**Given material**

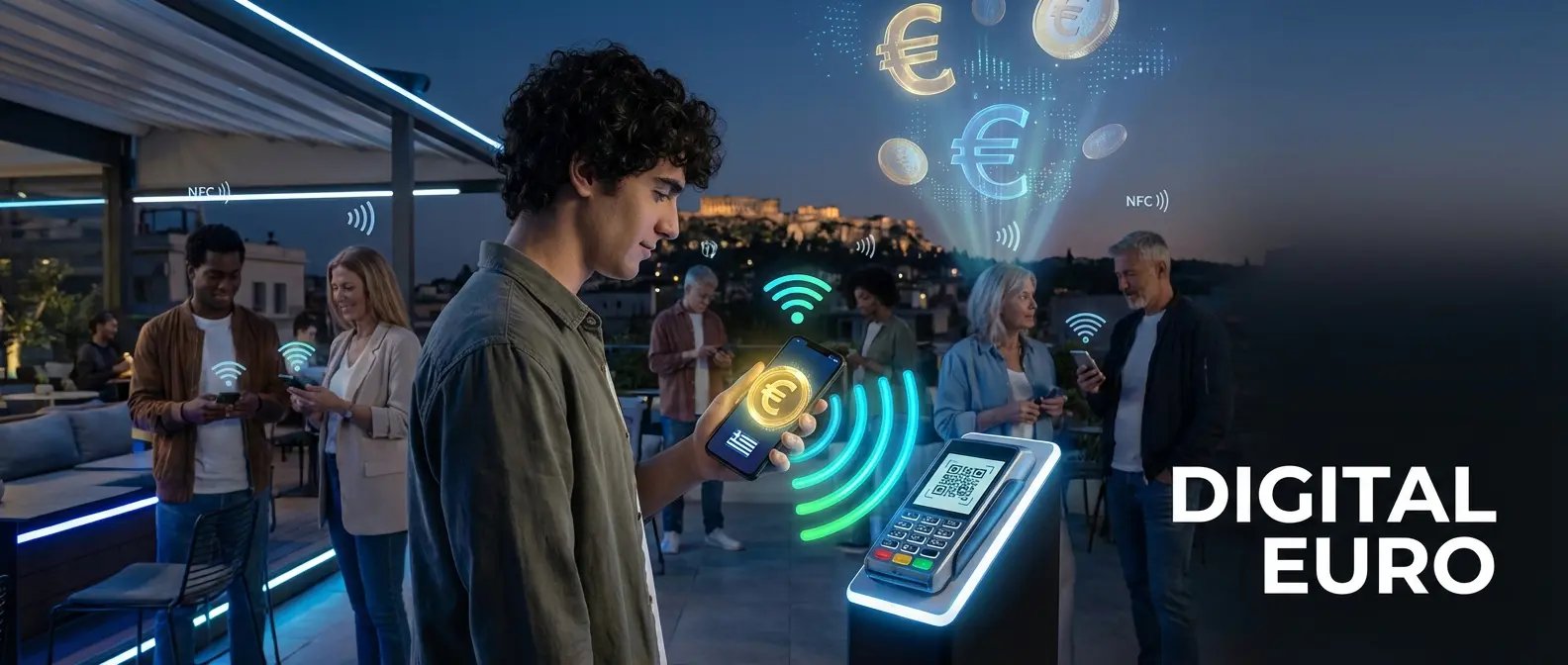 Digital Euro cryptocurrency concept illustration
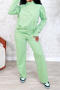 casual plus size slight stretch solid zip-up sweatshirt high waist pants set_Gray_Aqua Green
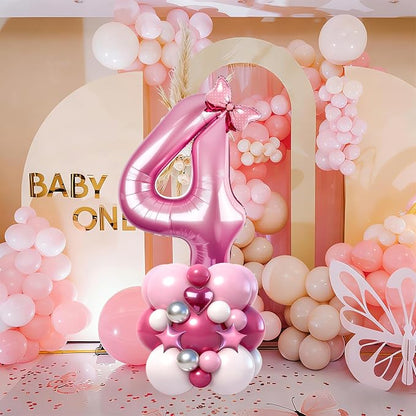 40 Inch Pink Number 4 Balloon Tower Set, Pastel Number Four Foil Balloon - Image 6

**Task objective**
Without including any pictures, set down word for word every line from the one containing "casual plus size" through the last line of the material.

**Solution to the problem**
 casual plus size slight stretch solid zip-up sweatshirt high waist pants set_Gray_Aqua Green
 40 Inch Pink Number 4 Balloon Tower Set, Pastel Number Four Foil Balloon - Image 6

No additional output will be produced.